A onda de violência, após as morte de Nathaly e Dudu, veio acelerando e ganhou manchetes nacionais. Em 19 de janeiro, o líder do tráfico, em San Matias, Everton Candia Gomes, o Pupinha, foi executado em plena luz do dia, na Bolívia. Investigações apontam que “Tuta” também estaria com a vítima no momento da morte, mas conseguiu fugir do local e se esconder no mato. Dias depois, a polícia encontrou drogas em uma espécie de rede e uma submetralhadora que possivelmente seria dele.
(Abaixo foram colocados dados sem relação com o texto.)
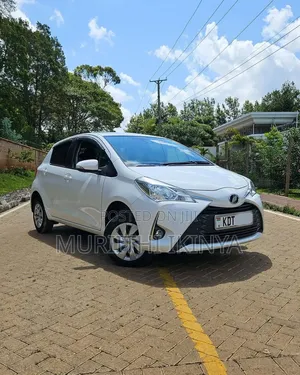 Toyota Vitz 1.0 FWD 5dr 2018 White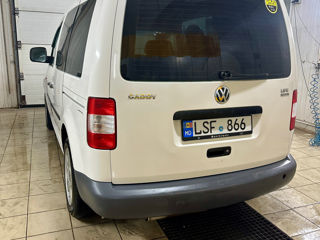 Volkswagen Caddy foto 2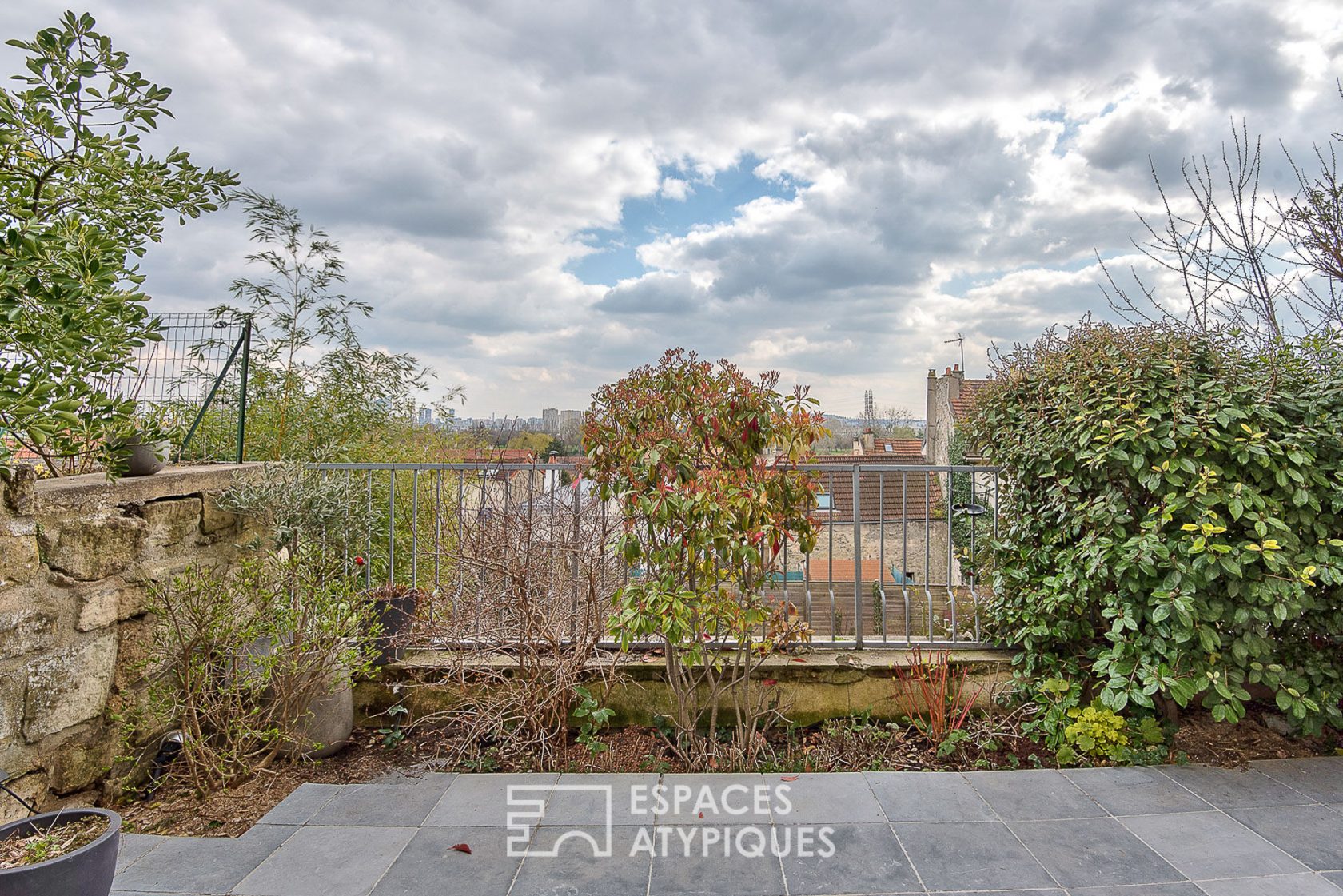 Maison ancienne rénovée avec vue impressionnante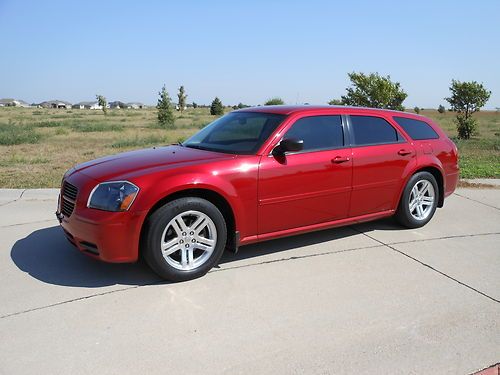 2005 dodge magnum se wagon 4-door 2.7l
Outros condenados pela organização de outras cidades do estado, ao descobrirem que o PCC estava dando guarita, decidiram seguir para Cáceres em busca de “salvamento” e, com isso, fortaleceram o Primeiro Comando da Capital na região Marlon Nogueir ” a Quatro dias depois, o soldado do Exército Brasileiro Thiago de Brito de Almeida, de 19 anos, foi assassinado a tiros ao ser confundido com um outro rapaz em uma praça do bairro Cohab Nova.
Cinco homens, que estavam em um veículo GM Corsa, de cor preta, o cercaram e o mataram sem chance de defesa.
A partir daí começou uma série de mortes em Cáceres.
Entre elas está da técnica de enfermagem Luiza Gonçalves Veloso, de 39 anos, que foi atingida por um tiro durante invasão em um bar lotado em Cáceres, depois de um desentendimento entre faccionados do CV e PCC.
Ela ficou 18 dias internada, mas não resistiu e morreu em 19 de junho.
Em seguida, foi a vez de Wellington Thiago Cunha Leonel, 22, ser morto a tiros por engano.
O amigo, mesmo sendo alvejado, conseguiu escapar com vida, e até se mudou da cidade.
Por último, foram mortos em 21 de junho com 8 tiros os mecânicos Sandro Gonçalves Perine, de 34 anos, e Arison Rafael Ramos da Silva.
“Eles não tinham nenhuma passagem. Quem os atiradores queriam executar estava lá, mas conseguiu fugir. Eles não. O que temos percebido é que os atiradores estão vindo de diversas regiões e, por conta disso, não conhecem os alvos. Eles olham as fotos e saem para cumprir as ordens. Se olharmos as fotos dos alvos têm semelhanças com os inocentes mortos”, explica Marlon.
Segundo o delegado, que está à frente dos casos, a polícia tem trabalhado para impedir a instalação e a expansão de facções em regiões do entorno.
“Muitas das ordens dos faccionados, seja para execução, seja para tráfico, saem direto do presídio. E estamos monitorando e prendendo para impedir que essa situação continue", diz, lembrando que recentemente foi fechada uma fazenda que estava servindo de esconderijo para membros do PCC.